Overall, today was just a great day! Every one of the HRTs really knew how to work with me, how to demonstrate lessons effectively, and they are really fun people in general! They were genuinely thrilled that I could speak some Japanese (the last ALT didn't speak any it seems), and they seemed to appreciate my energy and “just jump in with the students” attitude. I got to Kosema at 8:18am (there's only one bus, and so when it gets there I get there, but that seems okay). I had classes ALL DAY (Yaaaaay! No boring free periods until the last one where I just hung out in the staff room, chatted and drank tea...wahoo!)! I also got to sit with an energetic group of fourth graders for lunch, played with another energetic group of fifth graders at recess, and cleaned the school with various students at “Souji” time (Cleaning Time).

I think our schools would dramatically benefit from having students take a more active role in the school's upkeep, ie: our own version of “Souji” time. If I was to start a Charter School, this would be one of the first things I'd implement. From the first grade, the children are sweeping and washing and taking care of their schools (with the help of the older kids and teachers). As a result, the schools here are pristine. Students go at cleaning with gusto, and while it can't be the favorite part of their day, they are solidly good at it and take pride in their work and their schools. Even at the Special Needs school, the kids were cleaning up and serving lunch, etc, to the best of their abilities. One of my Special Needs kids can't articulate beyond basic grunts (as far as I could tell), but he could and did help take away everyone's trays and put the dishes, etc, in their proper places after we were done eating. (in fact, he was a bit too energetic on this as he tried to bus my tray before I was done eating, LOL). This is not to say the Japanese school system is perfect. No school system is. But I think that we can each learn things from each other and both of our school systems would be improved for it.

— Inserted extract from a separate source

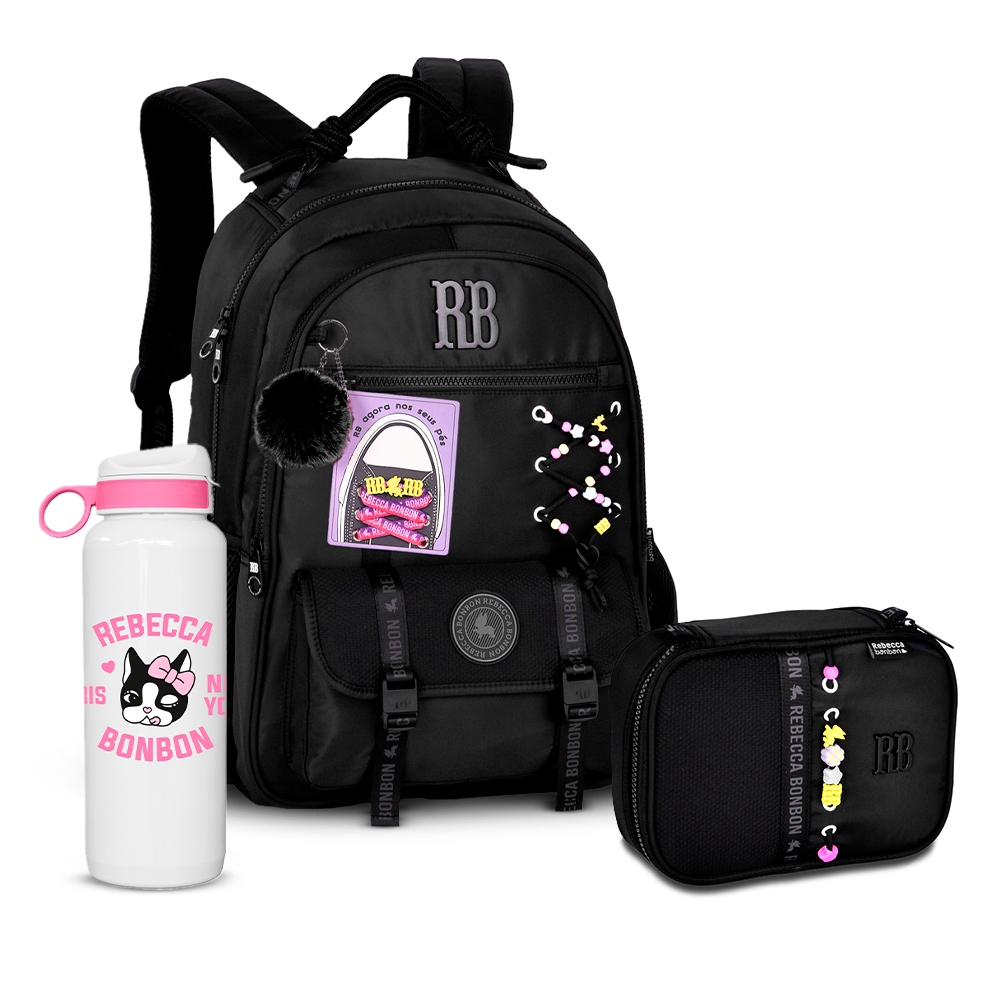 Kit Mochila Soft Costas Alça Carona Cadarço Chaveiro Pompom Estojo Rebecca Bonbon Reforçada em Oferta na Shopee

I also learned a lot about Japanese Classroom management and English teaching in general by working with the folks at Kosema. They have an English program that has been in place for years, and their class format is excellent. They have a room dedicated to English, which does not have desks or chairs (kids sit on the floor), which makes it very easy to do games and interactive roleplaying exercises. They are also excellent at using songs, gestures, repetition and games to get the kids actively involved and remembering vocabulary and pronunciation.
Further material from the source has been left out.